Se oyeron los llantos de Petrita que se había caído de plano en el medio del jardín. Lloraba con la boca contra el suelo, sin levantarse. Sergio fue a incorporarse para acudir a recogerla, pero la madre lo detuvo:

– Déjala, Sergio. No vayas. ¡Oye, niña, levántate ahora mismo, si no quieres que vaya a hacerlo yo! Petrita redoblaba su llanto.

– ¡Todavía estoy viendo que te ganas un azote! ¿Qué te he dicho?

–  A lo mejor se ha hecho daño de verdad – insinuaba el cuñado.

– ¡Qué!, si a ésta la conozco yo como si la hubiera parido. Bueno, y además la he parido, mira tú. Tiene más mañas que periquete, lo que tiene.

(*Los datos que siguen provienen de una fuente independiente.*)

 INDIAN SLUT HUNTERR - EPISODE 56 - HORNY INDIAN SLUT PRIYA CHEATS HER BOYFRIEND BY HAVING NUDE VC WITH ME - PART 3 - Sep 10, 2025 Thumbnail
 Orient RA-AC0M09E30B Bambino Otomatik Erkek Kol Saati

Petrita se había levantado y seguía llorando contra la tapia y la enramada. Amadeo se acercaba a ella y la tiraba de un brazo para despegarla de allí, pero la niña se resistía, obstinada en llorar entre las hojas de vid americana.

– ¿No querías ver la coneja, hermani? – le decía Amadeo-. Ahivá qué llorona…

Felisita, sentada junto a su madre, tenía los brazos cruzados sobre el pecho, unos ojos caídos, inmóviles, que no miraban a ninguna parte; enigmática, ausente, como en una actitud de extrema soledad. Felipe le daba al farias una gran bocanada:

– ¿Qué tal?

Su hermano, con el humo en la boca, asentía. Niñeta lo miró. Sergio contemplaba la ceniza en la punta del puro; tenía el sobaco derecho en el pirulo de la silla, con el brazo colgando hacia atrás. Sus dedos distraídos jugueteaban con las hojitas de la madreselva. Petra sacó un suspiro, «¡Ay, Señor…!» y el busto exuberante se levantaba en el suspiro y se volvía a desinflar. Miró a sus hijos. Petrita, ya consolada, había ido a reunirse con sus hermanos. Se apretaban los tres contra la tela metálica, de espaldas al resto del mundo. La Gran Coneja Blanca mordisqueaba una hoja de lechuga con sus cortantes incisivos, y después levantaba la cara y miraba a los niños, masticando, moviendo muy de prisa la naricilla y el bigote y los blancos y redondos carrillos de pelo. Juanito dijo:

– Ella come primero que nadie. ¡Ay si se acerca una gallina! Le da un mordisco en la cresta y le hace sangre.